Henry H001T Octagon Frontier Model .22LR
The state stocked about two dozen pheasant in this WMA very early in the morning, so the parking lot was filled with pickups and cars very early as the bird hunters attempted to get a jump on one another. Last weekend I made the decision to leave the shotgun in the car and head out with the Henry H001T Octagon .22 lever rifle. Squirrel hunting hasn't been good this year, but for some reason they were out last Saturday. The problem was that I was spotting them well out of shotgun range, and by the time I was able to get close enough to take a shot, either I was busted or a hunter with dog would enter the area and blow it. This time I decided to do some serious squirrel hunting with my scoped Henry rifle.
Last weekend was absolutely perfect weather for squirrels. They came out in numbers to gather nuts in the morning sun. The same wasn't true for today. It was dark and cold, but at least the air was calm. It was obvious that a storm was on its way, and as you would expect, the animals were hunked down and ready for it to hit. Birds were flying low and moving from tree to tree, making it difficult to differentiate between a bird and a squirrel in the branches. Crows were flying low and landing in the treetops, which was very unusual since they always fly high above the hunting area and land far from it where it's safe.
It took a good hour before I spotted the first squirrel moving at the very top of a large tree. The fact that it's still early in the season and most of the leaves are still on the trees made it difficult to get a good visual. I had to quietly move closer, which isn't easy in this reed-covered area. Putting tree trunks between myself and the squirrel to mask my movement resulted in losing sight of the squirrel.
At my first visual clearing I stood behind a tree and searched for movement. Combing the top of the tree with my scope, I finally spotted the squirrel lying flat on a high branch, remaining motionless with only its head exposed. Getting it in view again I increased the scopes power to 7x and moved in a bit to give me a body shot. Bracing myself against the tree, I put the cross hairs on it and squeezed off a shot. It barely moved and didn't seem to be hit. I squeezed off another and this time it moved a few feet and stopped. Could I be missing it?! Did I knock my scope off? I fired a third round and this time it dropped. There's nothing like watching a squirrel drop from a high branch and hit the ground early in the morning. It's the sound of victory!

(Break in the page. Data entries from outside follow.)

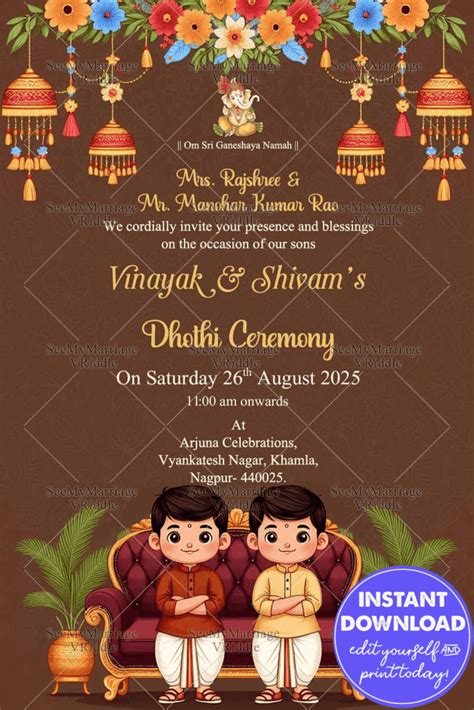 Traditional Dhoti Ceremony Invitation With Floral Hanging Theme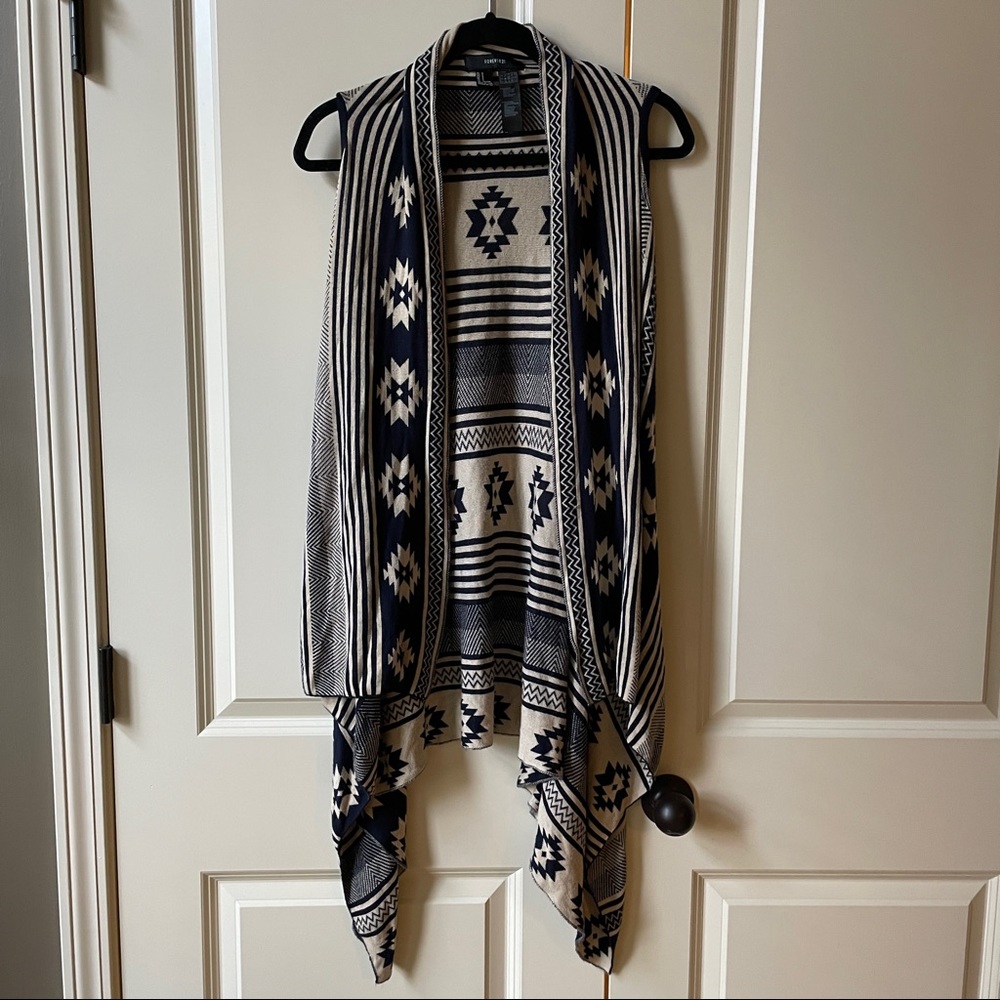 Like New Forever 21 Long Vest Duster in Southwestern pattern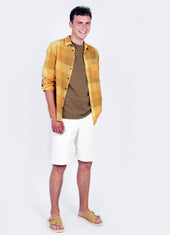 Jesper Casual Chequered Shirt Sunflower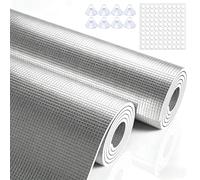 Film Isolant Fenêtre Aluminium Double Face, Couverture Thermique Réfléchissante 3 Couches avec Ventouses Et Pastilles Adhésives, Rideau Occultant pour Camping-Car, Véranda, Garage(50x65cm)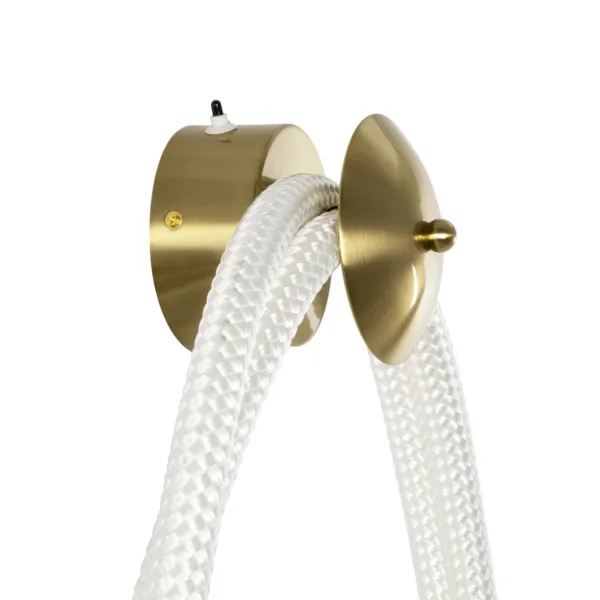 kelvo® GLOW 61676 Μοντέρνο Φωτιστικό Τοίχου - Απλίκα LED 45W 4500lm 360° AC 220-240V IP20 Ρυθμιζόμενο Λευκό CCT με Χειριστήριο από 2700K έως 6000K Dimmable - Lumileds SMD Chip - Χρυσό Πλατίνα & Λευκό Νήμα - Μ30 x Π15 x Υ110cm - 3 Χρόνια Εγγύηση - Image 8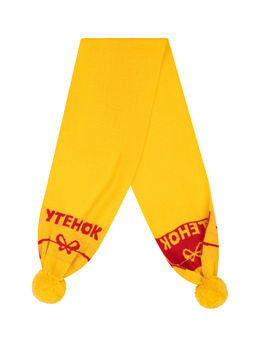 Шарф вязаный  "Утенок " желтый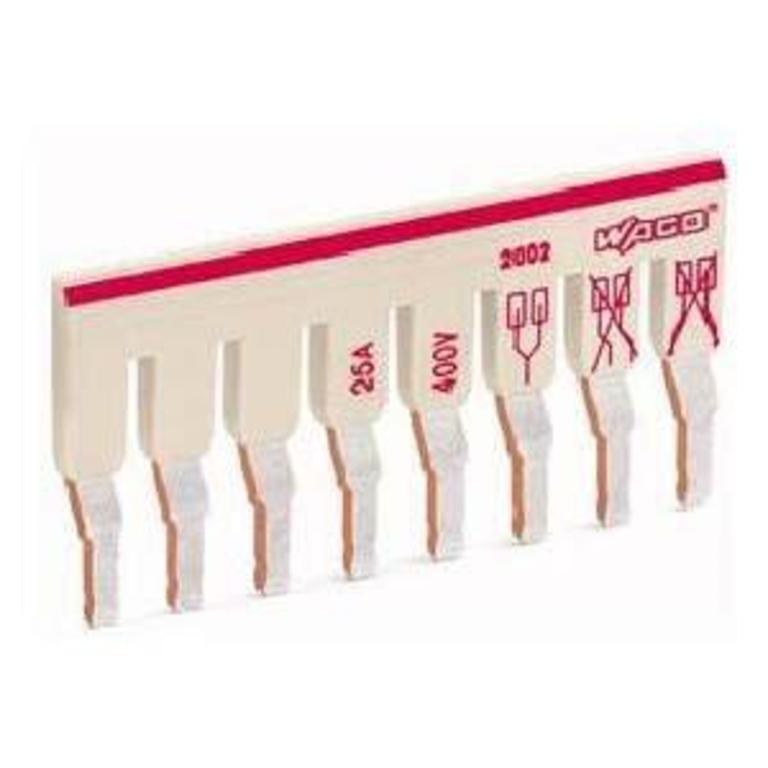 25St. Wago 2002-477 Schachtelbrücker isoliert 7-fach Nennstrom 25 A lichtgrau 2002477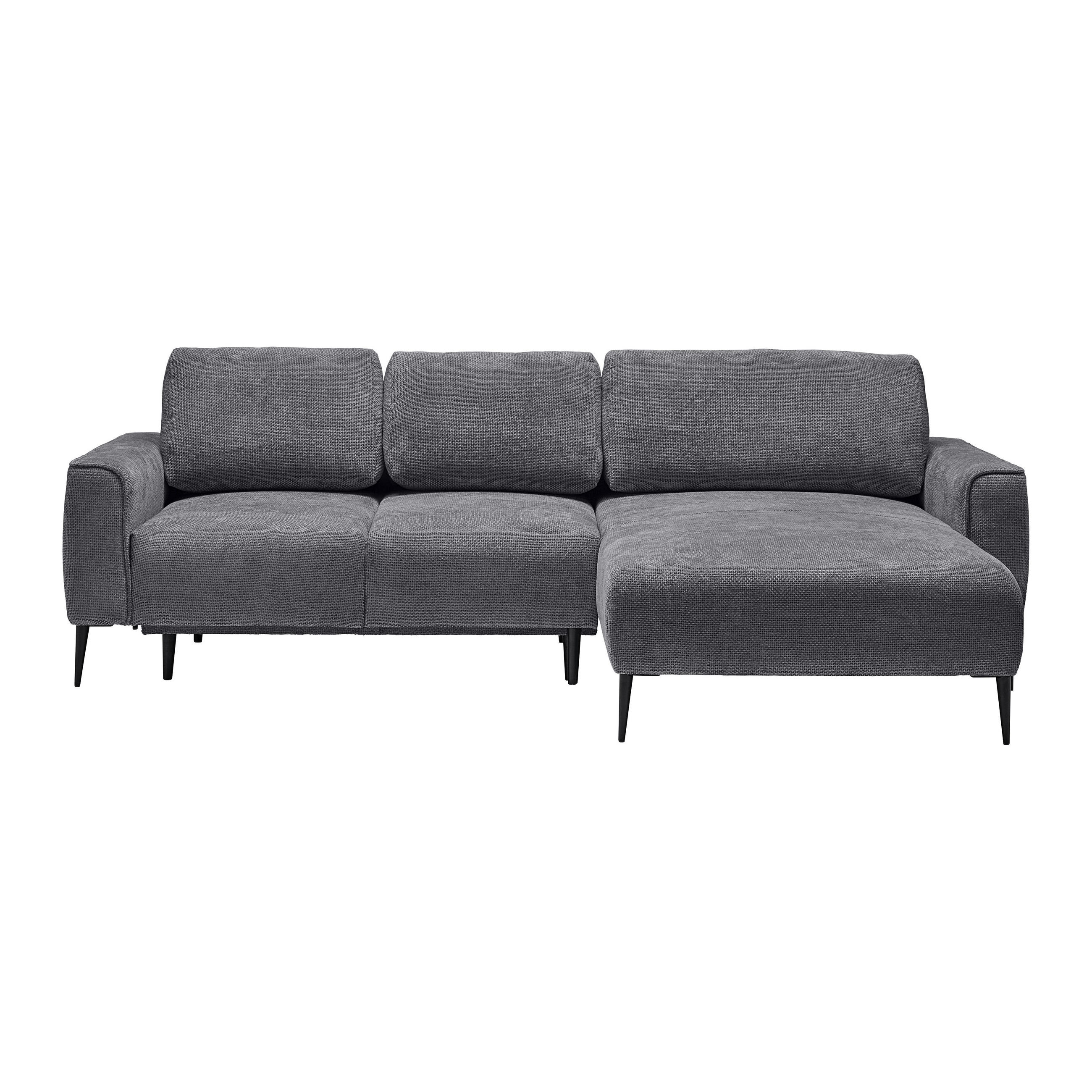ECKSOFA in Webstoff Anthrazit  - Anthrazit/Schwarz, Modern, Textil/Metall (255/164cm) - MID.YOU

Usually I would run towards the squirrel to be sure it was dead and avoid having one crawl away wounded, but something told me to sit tight this time. Did I catch something moving in the corner of my eye in the same tree? Listening to my instincts paid off. There it was; a second squirrel, and this was a big one. For some reason it appeared dark in color, and I had a hard time seeing it against the dark tree bark. The squirrel began to run and when it stopped on the trunk, I fired off two quick rounds and it dropped. When was the last time I dropped two squirrels on the same tree? I bet it was a couple years back on the day I bagged the limit of eight.
Looking at the first squirrel, it was obvious that it had been hit numerous times. My scope wasn't off, but this was a tough one. I guess I didn't hit a vital organ with the first two shots. The second squirrel proved to be a standard gray as well. I wonder why it looked so dark in the tree?
Pheasant hunters with dogs soon began moving into the area so I was forced to move on. Snow was beginning to fall and that was the end of today's hunt. This brings my squirrel count for the season up to 8. Until next weekend's hunt.